Ted jumped backward and crashed hard into the sink. He let out a gasp so terrified, that he didn’t know his own mouth was capable of making it.
“Teddyyyy… She’s in here with us, you know. And she’s afraidddd.”
Ted glanced at the surgical tools, beside his hip. He considered scooping up one of the metal trays and using it as a shield-weapon to thrust himself past the table.
“Oh Teddyyy. She’s crying. She’s crying, Teddddyyy.”
He swallowed hard. “I’m just going to leave, now. I’m not going to hurt you. Don’t come near me.” He tried to sound unthreatening yet authoritative, but his voice was broken into fragments; a soft tremble.
“Oh, Teddyyyy…” It moaned, tilting its head back, the bottom half of the jaw staying perfectly in place, like a PEZ-dispenser, made of human flesh.
Then, a single voice spoke, from the space between the mangled jaws of the corpse. It was the voice of a woman.
“Hello… Ted?”
His eyes bulged, heart pounding in his chest and his legs filling with pumping blood. He was ready to spring, but he felt like his legs weighed 1000 pounds each.

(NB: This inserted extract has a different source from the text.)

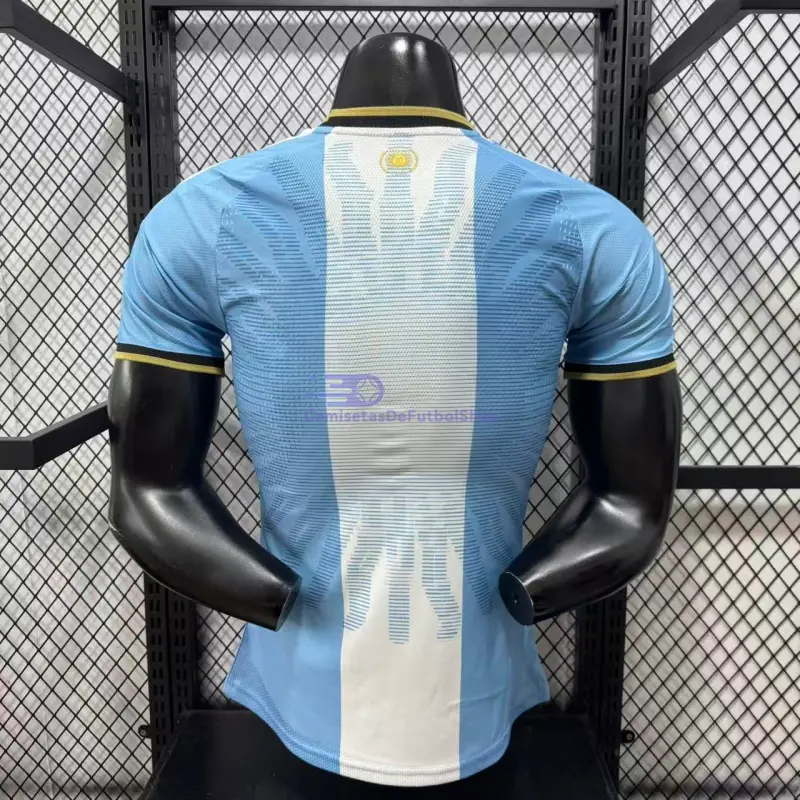 Camiseta Argentina Messi 2026 Edición Despedida (EDICIÓN JUGADOR)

“Ted, is that you?” the woman’s voice cried. Then, more conjoined, insidious laughter escaped from the neck hole, little spurts of blood and black liquid shooting up with it into the ceiling and raining down all around it. Patches of frayed, purple hair shook all about, as the skull vibrated, disturbingly.
Ted dug his heels into the floor, took a breath, and made a break for the door. He snatched up the steel tray and dumped its contents, but in all of his shaky adrenaline, nicked his thumb badly, on a scalpel. He ignored this, and continued to charge the table —swinging violently at the corpse; whacking it hard in the chest on the first try. The body exploded backward and bounced off of the table twice, before rolling off and crashing hard onto the floor. Barbie was a small girl to begin with, and the body was now missing so much of its mass, that the thuds were swift and nearly weightless.
Without stopping to investigate the collision, Ted continued to sprint for the door, bounding over the other body bags scattered throughout the lab. Just as he wrapped his grip around the door handle, he heard the many voices shouting out behind the table.
“We have your Mother in here with us, Ted Kinneson!”
The small, frail sounding voice returned.
“Teddy, please don’t leave me! I’m sorry Teddy! Please! I’m in so much pain.” The word ‘pain’ dragged like nails on a chalk board in his ears.
He was a statue, save for his hands, which trembled like mad. His heart hammered against his sternum chest felt like a heavyweight punching his ribs from the inside.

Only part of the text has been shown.